Le projet de loi a été adopté jeudi 28 mai par 2 878 voix — seul un député a voté contre et six se sont abstenus — et Pékin a demandé son application "sans le moindre délai". Nombre de Hongkongais y voient l'atteinte la plus grave au principe "un pays, deux systèmes", censé leur garantir jusqu'en 2047 des libertés inconnues dans le reste de la Chine. L'inquiétude est partagée par certaines capitales occidentales, mais ces dernières peinent à organiser une réponse.

Une loi que Pékin veut voir adopter depuis longtemps

Pour Pékin, ce texte de loi est une riposte directe aux manifestations massives et souvent violentes qui ont émaillé 2019 à Hong Kong.
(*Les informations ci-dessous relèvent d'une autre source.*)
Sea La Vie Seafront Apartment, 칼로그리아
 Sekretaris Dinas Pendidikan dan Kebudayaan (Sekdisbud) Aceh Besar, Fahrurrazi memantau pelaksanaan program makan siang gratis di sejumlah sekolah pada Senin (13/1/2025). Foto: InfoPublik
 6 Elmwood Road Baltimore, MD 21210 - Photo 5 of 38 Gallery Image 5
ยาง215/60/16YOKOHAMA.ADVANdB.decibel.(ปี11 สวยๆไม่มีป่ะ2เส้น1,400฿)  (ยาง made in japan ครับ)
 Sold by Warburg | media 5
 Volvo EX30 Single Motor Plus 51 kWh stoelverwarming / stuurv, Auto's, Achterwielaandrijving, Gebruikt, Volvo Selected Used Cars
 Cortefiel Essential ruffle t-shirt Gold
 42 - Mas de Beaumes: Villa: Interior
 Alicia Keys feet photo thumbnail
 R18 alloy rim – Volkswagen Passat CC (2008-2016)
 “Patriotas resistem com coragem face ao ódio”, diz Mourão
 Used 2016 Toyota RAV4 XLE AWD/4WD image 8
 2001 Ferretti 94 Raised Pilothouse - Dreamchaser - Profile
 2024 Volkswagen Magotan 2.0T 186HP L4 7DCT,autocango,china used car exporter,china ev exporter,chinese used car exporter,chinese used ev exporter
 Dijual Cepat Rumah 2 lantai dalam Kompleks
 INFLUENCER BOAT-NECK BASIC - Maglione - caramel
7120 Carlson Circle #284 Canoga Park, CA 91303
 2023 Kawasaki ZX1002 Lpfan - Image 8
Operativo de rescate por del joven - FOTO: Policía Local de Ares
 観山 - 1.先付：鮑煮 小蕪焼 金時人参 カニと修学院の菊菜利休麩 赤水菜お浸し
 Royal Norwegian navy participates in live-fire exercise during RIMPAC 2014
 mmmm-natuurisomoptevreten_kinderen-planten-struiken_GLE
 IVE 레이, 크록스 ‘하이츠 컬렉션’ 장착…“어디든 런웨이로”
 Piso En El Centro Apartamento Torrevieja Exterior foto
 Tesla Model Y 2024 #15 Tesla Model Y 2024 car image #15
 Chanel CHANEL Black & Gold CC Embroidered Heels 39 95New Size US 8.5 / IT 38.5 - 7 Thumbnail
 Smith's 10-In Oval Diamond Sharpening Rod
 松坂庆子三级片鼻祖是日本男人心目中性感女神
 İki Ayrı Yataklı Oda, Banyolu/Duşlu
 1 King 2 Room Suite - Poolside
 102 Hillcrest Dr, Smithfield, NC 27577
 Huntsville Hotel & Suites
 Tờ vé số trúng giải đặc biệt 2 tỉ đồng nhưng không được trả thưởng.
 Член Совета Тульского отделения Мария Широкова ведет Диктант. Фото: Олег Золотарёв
Des manifestations que le pouvoir central considère comme des manipulations pilotées de l'étranger pour déstabiliser la Chine.

La Chine n'en est pas à son coup d'essai en matière d'expansion de ses prérogatives sur Hong Kong. En 2003, elle avait tenté de faire adopter une loi similaire au Conseil législatif local (surnommé Legco) avant de devoir reculer devant une vague de manifestations. Mais cette nouvelle méthode, avec un projet de loi présenté devant le Parlement central à Pékin a pris tout le monde de court.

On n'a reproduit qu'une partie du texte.